Mark Kramer, former director of the Nieman Program on Narrative Journalism, says it is “journalism that doesn’t assume the reader is a robot, that acknowledges the reader knows lots and feels and snickers and gets wild.” Kramer stresses the importance of voice. Readers have their coffee with the newspaper in the morning, he says. They want to understand and even identify with the news voice; but regular news reporting is anonymous and restrained, leaving the reader feeling lonely. When you have an audience made up of so many disparate sorts of people it seems noble to appeal to the lowest common denominator and just talk about the facts. But what happens is depersonalisation of the news voice – narrative journalism aims to put the human voice back at the breakfast table. Kramer defines narrative journalism as writing that contains the following elements:

1. Set scenes;

2. Characters;

3. Action that unfolds over time;

4. Voice that has personality;

5. A relationship with the audience; and

6. Destination – a theme, a purpose, and a reason.

Online narrative journalism[edit]

One of the earliest and most high profile examples of effective usage of narrative journalism online can be found in the Philadelphia Inquirer's nonfiction serial "Black Hawk Down". The 1997 online newspaper series chronicled the dramatic American raid of Mogadishu and based their stories on interviews with the soldiers who fought in the battle. The story became part illustrated book, part documentary and part radio program and allowed readers to explore the story in depth.

With the availability of free publishing online today, narrative journalism has become a popular form used by writers eager to give their personal perspectives on noteworthy events and public issues.

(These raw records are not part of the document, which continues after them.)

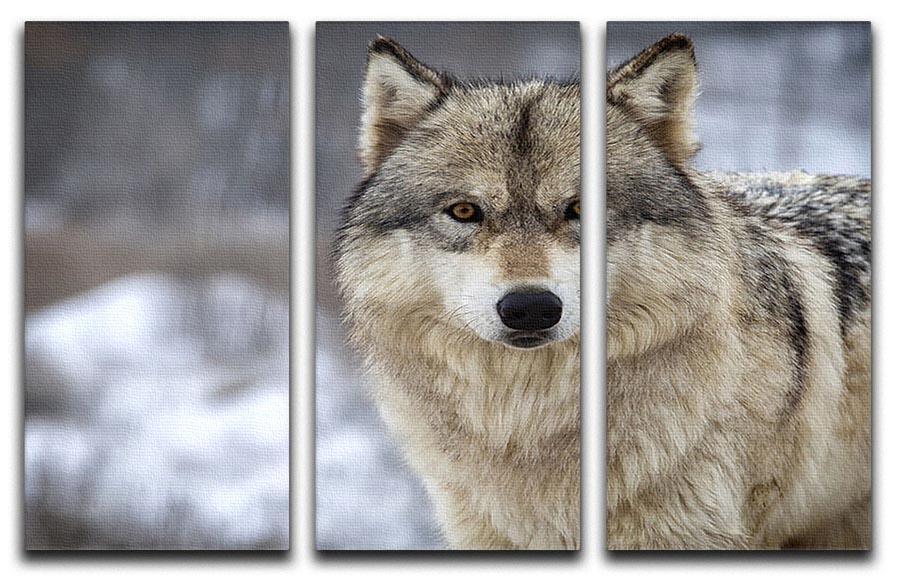 Close up head and shoulders image of a Timber Wolf 3 Split Panel Canvas Print - Canvas Art Rocks - 1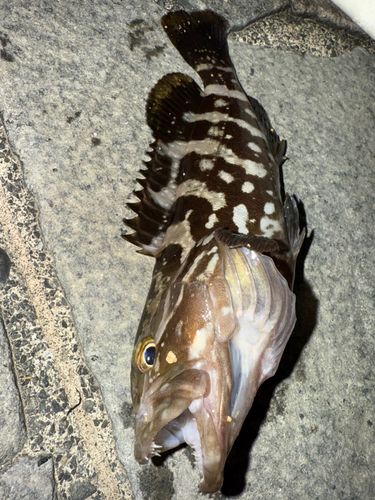 クエの釣果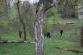 Čistý park 7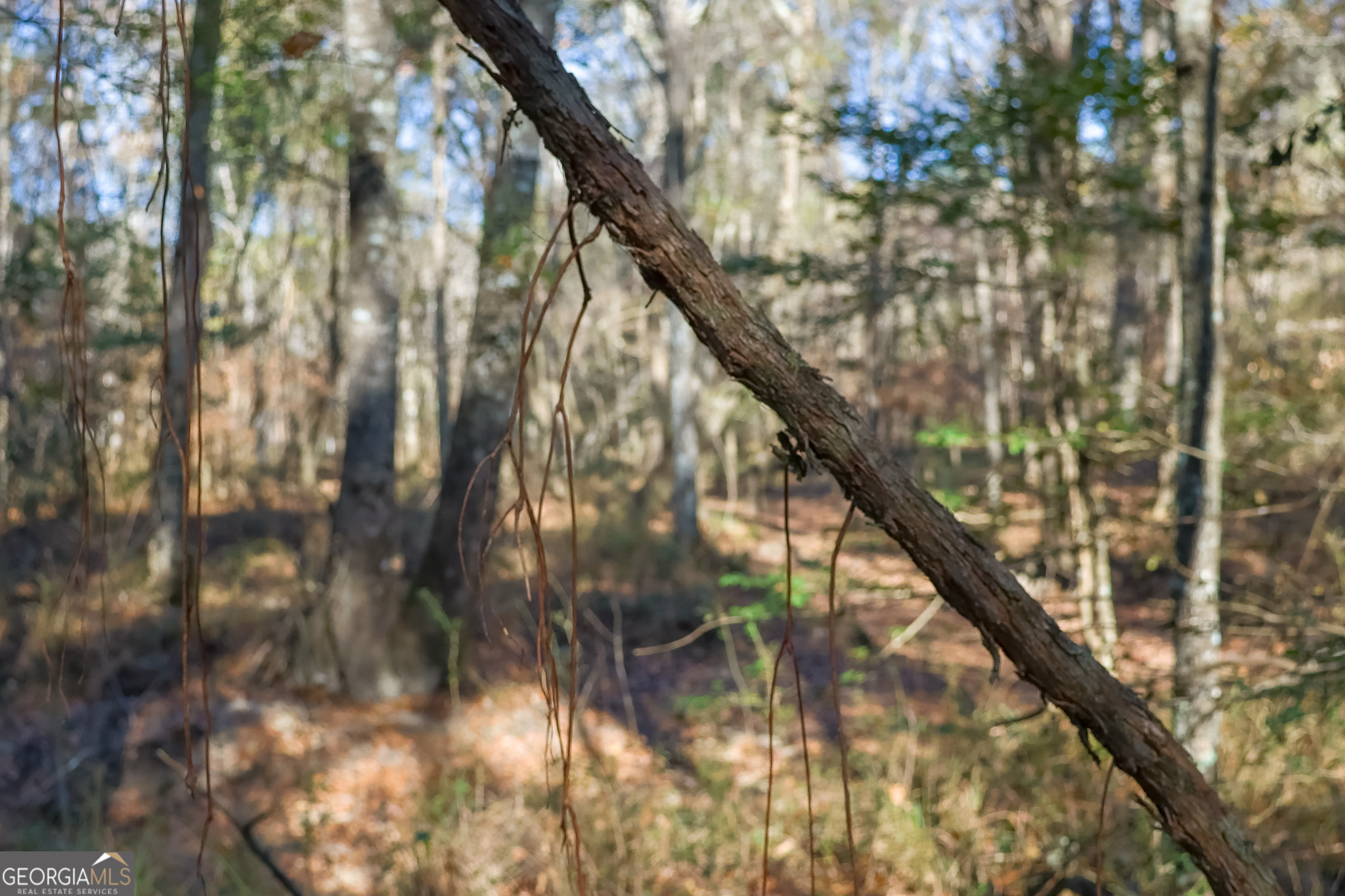 0 Limestone Road Cochran GA 31014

Salon and Slate are two of the most popular forums for narrative journalism. Other sites devoted to this craft include Creative Nonfiction and Atlantic Unbound, and with the increasing popularity of citizen journalism there exists potential for more to explore on the scene to cater to a variety of niches.

Six Billion, founded in 2003, was an online magazine of narrative journalism that attempted to tackle an issue from 360 degrees. Each issue (themed by one topic such as "Battleground States" or "Veterans of Foreign Wars") featured stories told in text, film/video, photography, sound, illustration, and interactive media.

Issues with narrative journalism[edit]

"A narrative does not depart from the cardinal rule: Make nothing up or you'll be out of here and working at the Sunglass Hut so fast it'll make your head spin around. A narrative is a journalistic form that has fallen into considerable disfavor in the wake of our craft's ceaseless, self-flagellating credibility crisis" — Patrick Beach, Austin American-Statesman

Since so much of narrative journalism is based on a writer reconstructing his or her experiences, many professionals in the news industry find themselves wary of using this technique because it is often harder to verify facts within the story. In a post-Jayson Blair era, those concerned with the ethics of honest reporting and writing are cautious of journalistic storytelling that may be manipulating facts to make the reader more emotionally invested.

Also, narrative journalism has not yet found a definite home in the newsroom because of the nature of news reporting. Long-form writing is something that most journalists are not trained for, and incredible hard-news beat reporters are not necessarily great storytellers.

Narrative journalism cannot be practiced in every setting.